Should You Use XML or Protocol Buffers to Store and Exchange Data?
Extensible Markup Language (XML) is a flexible text format used for a wide variety of applications, including data serialization and exchange of data. SOAP web services use XML as the data exchange format, for example.
More recently, protocol buffers were also introduced for data exchange and data serialization. Even though the purpose of XML and protocol buffers is the same, these are very different technologies.
Tags and fields
XML uses tags to describe or contain data. The following XML example has an opening tag, data, and a closing tag:
<hello>Hello<hello>
The opening tag name and closing tag name must match.
Protocol buffers use fields, with each field being a name and a value type. The value type could be number, boolean, string, or raw byte.
Plain text and binary encoding
XML is in plain-text format. While a protocol buffer’s message type or schema is in plain text format representation, the data or message that is actually exchanged is in binary format. Protocol buffers are not suitable if the data and message to be exchanged or serialized needs to be in plain text.
Protocol buffers support encoding for several languages, including C++ and Java. A compiler is needed to convert the plain-text protocol buffers message type (.proto file) into language-specific data access classes. Subsequently, a language-specific API may be used to send and receive binary-format protocol buffers messages.
Semi-structured and structured data
XML is a semi-structured data format with the option of schema conformance. A schema is not a prerequisite for creating an XML document, but an XML schema could be used. An XML schema is itself an XML document, which is self-describing.
Protocol buffers need a schema to define the structure of data. The message type in protocol buffers is defined in a .proto file, which constitutes the schema. Protocol buffers are not self-describing. Data exchanged as protocol buffers cannot be interpreted without the associated schema.
The schema specification for XML and protocol buffers has some similarities. Both XML elements and .proto file fields could be made required, optional, or repeated.
Hierarchical data
Both XML and protocol buffers support hierarchical data. XML uses nested elements within other elements, and protocol buffers use value type as other messages.
Protocol buffers or XML?
XML has requirements for an XML document:
- It must start with an XML declaration, which is a processing instruction
- It must have a root element
- It must be well formed, with matching start and end tags
In contrast, a protocol buffer’s textual representation of a message is just name value pairs.

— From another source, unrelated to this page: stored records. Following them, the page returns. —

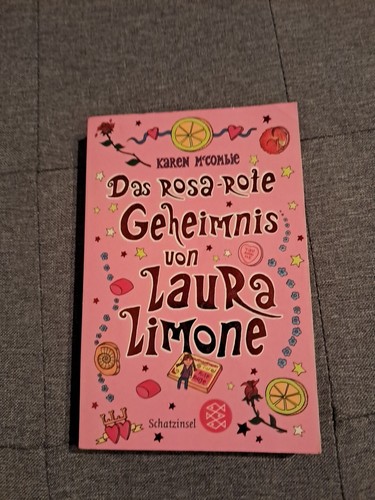Das rosa rote - rosa-rote, geheimnis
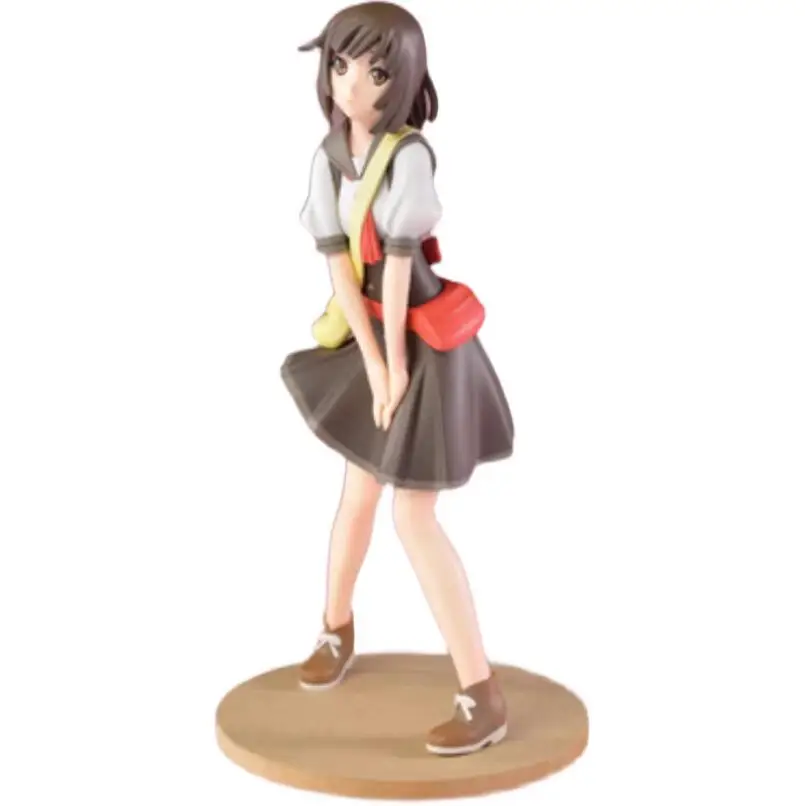 

Promotional price 2023 In stock Japanese original anime figure Sengoku Nadeko action figure collectible model toys for boys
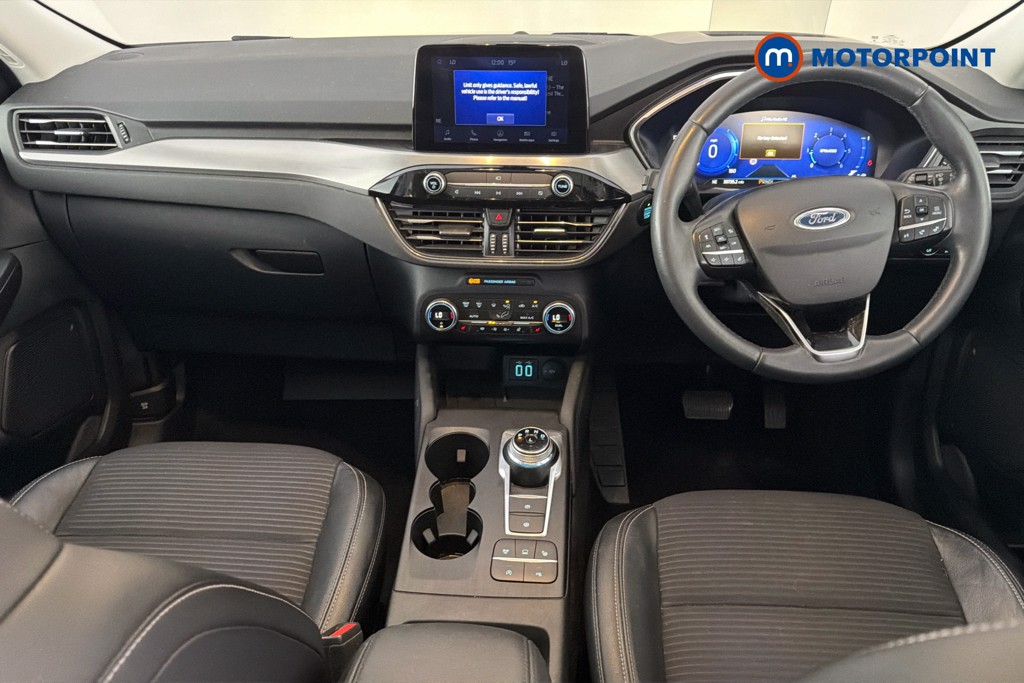 Ford Kuga Titanium First Edition Automatic Diesel SUV - Stock Number (1641224) - 1st supplementary image
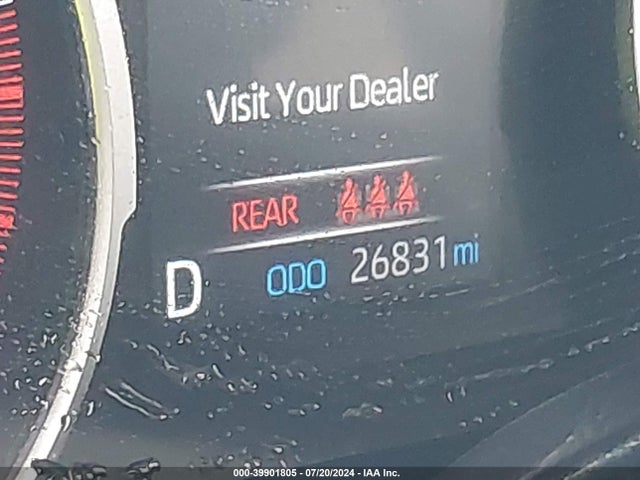 Toyota Rav4 Xle 2019 JTMP1RFV3KD501995 Image 7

The binary-encoded protocol buffers messages are smaller than equivalent XML messages, and a protocol buffers message takes less time to parse. Protocol buffers are easier to access programmatically using the data access classes than XML using some parser or binding API.
Use XML if the data to be stored, presented, or exchanged needs to be modeled as text; if the data needs to be self-describing; or to model another text-based markup document, such as HTML.
Otherwise, use protocol buffers. The data exchanged is smaller, faster, and requires less network bandwidth.